Artist Statements

Instants

Not all instants in life are created equal. Most contain mundane actions and events, but there are a few that trigger powerful questions in those who witness them. Questions urgent enough that people stop to find answers. Questions like, How did this happen? What is going on? Did I cause this? Should I do something?

Many powerful Instants will be accidents and similar life-threatening events. This body of work has nothing to say about those, because such Instants usually force the protagonists into certain narrowly defined actions. Instead, this portfolio explores situations where the range of possible responses is much more fluid and the danger, if it is present at all, is emotional rather than physical.

Rather than trying to photograph naturally occurring decisive moments that capture the viewers' attention, I follow my scientific training by creating them under controlled circumstances. Every image in this series is not only carefully planned, but also carefully pared down to the essential components.  They explore how much needs to be shown explicitly and how much can be implied, which clues are essential and which are merely distractions, and how much of the action can occur outside of the frame.

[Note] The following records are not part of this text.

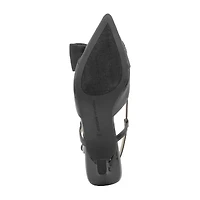 Adrienne Vittadini  Sapphire Womens Pointed Closed Toe Kitten Heel Pumps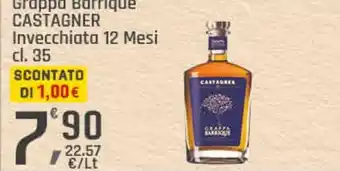 Supermercati Dok Grappa barrique CASTAGNER offerta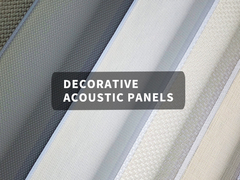 عملکردی تزئینی PET صفحه صوتی پارچه صاف پایان رنگ سفارشی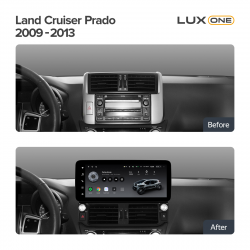 ���� ������������� ������ Teyes Lux One 6+128 Gb � �������� ������� 360� Toyota Land Cruiser Prado 150 2009-2013 12.3inch (L3)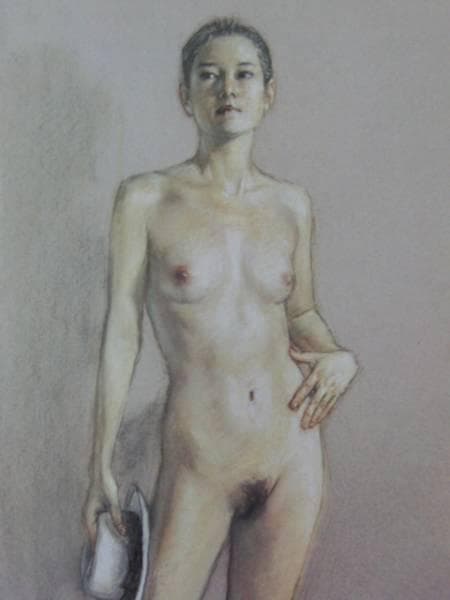 高塚省吾、【帽子】、希少な額装用画集画、新品高級額 額装付、状態良好、送料無料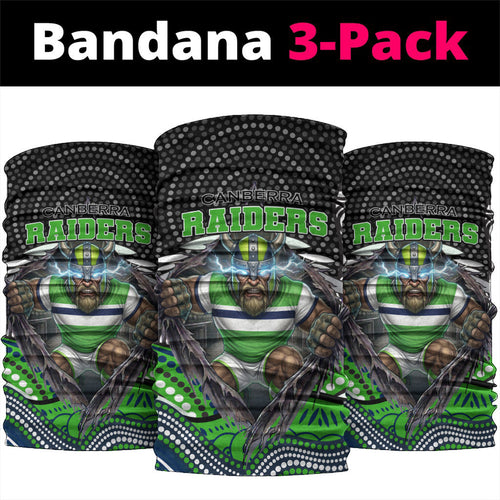 Canberra Raiders Neck Gaiter The Scream of Lightning Eyes - Indigenous Dot Ripping Effect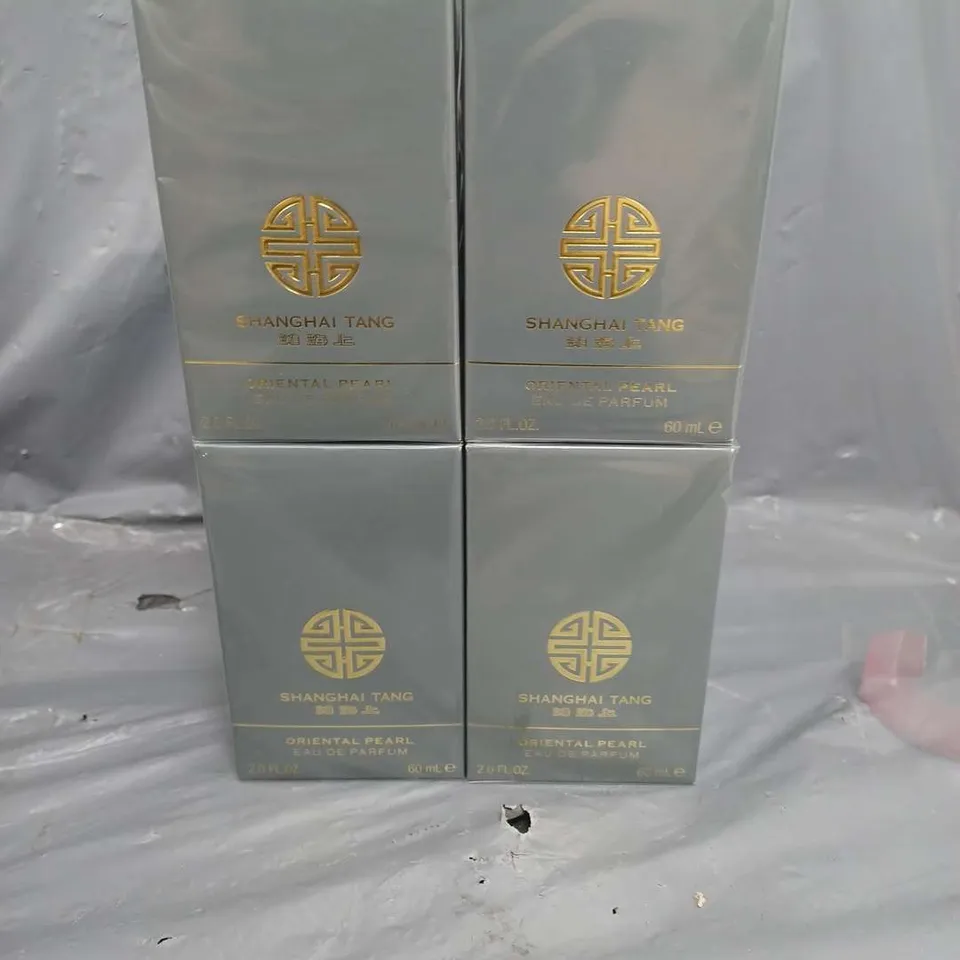 LOT OF FOUR SEALED SHANGHAI TANG ORIENTAL PEARL EAU DE PARFUM 60ML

My work is not science. It is about discovering what awakens a viewer's curiosity. It is about leaving out what is not essential. It is about having a little bit of fun. But most of all it is about asking you to do all the hard work of imaging the before and after surrounding the Instant I created for you.

 

Surveillance

We are under surveillance wherever we go and whatever we do. Cameras record our actions in public and sometimes also in private places. Our cell phones disclose our location, our browsing habits, and who we communicate with. Drones offer a cheap and easy way to record people in their back yards, in the neighborhood park, on a jogging trail, and very nearly everywhere else.

In addition, much of the information captured by blanket surveillance remains available indefinitely, which shifts power to those with access to the data. The information can be used to identify terrorists such as the Boston Marathon Bombers, but it can also be used to coerce us or to stifle dissent.

This project consists of eight large grids that show surveillance equipment in the lighter squares, and my interpretation of what it captures in the remaining squares. The prints are large (36x36in or 44x44in) and intentionally dense in information to represent how all encompassing and pervasive surveillance has become.

The individual squares show the variety of mostly private events and activities that are swept up in the dragnet of surveillance. The viewer will discover scenes that could be from their own lives and realize that blanket surveillance is not an abstract concept, but something that affects all of us.

This is the purpose of this project: to transform blanket surveillance from an abstraction to a personal experience in order to encourage debate over the balance between privacy and the benefits of surveillance.

Five of the grids focus on security cameras in contexts ranging from an intersection in Houston, Texas that is being watched by 27 cameras to industrial facilities. One grid focuses on cell phones as tracking devices; one collects footage from open live webcams to represent freely shared surveillance; and one collects footage I recorded wit a surveillance drone I bought for this purpose.

 

Architecture

I like to think of my work as variations on a theme created by the architect. My images are created in camera with nothing added or subtracted in post processing. The resulting image is anchored in the characteristics of the building, but my job is only done when that image is a significant departure from simply describing the architect's work.

Some of the images in this portfolio simply leave out the Exit signs, fire escapes, elevators, and other distractions that come with inhabitable structures to focus on the characteristics of certain design elements. Others rely on framing to create juxtapositions, contrasts, even conflicts between various parts of the building and its surroundings. Both types of images reinterpret the building in terms of geometric shapes by leaving out most of the physical structure and adding a perspective that the architect may not have envisioned.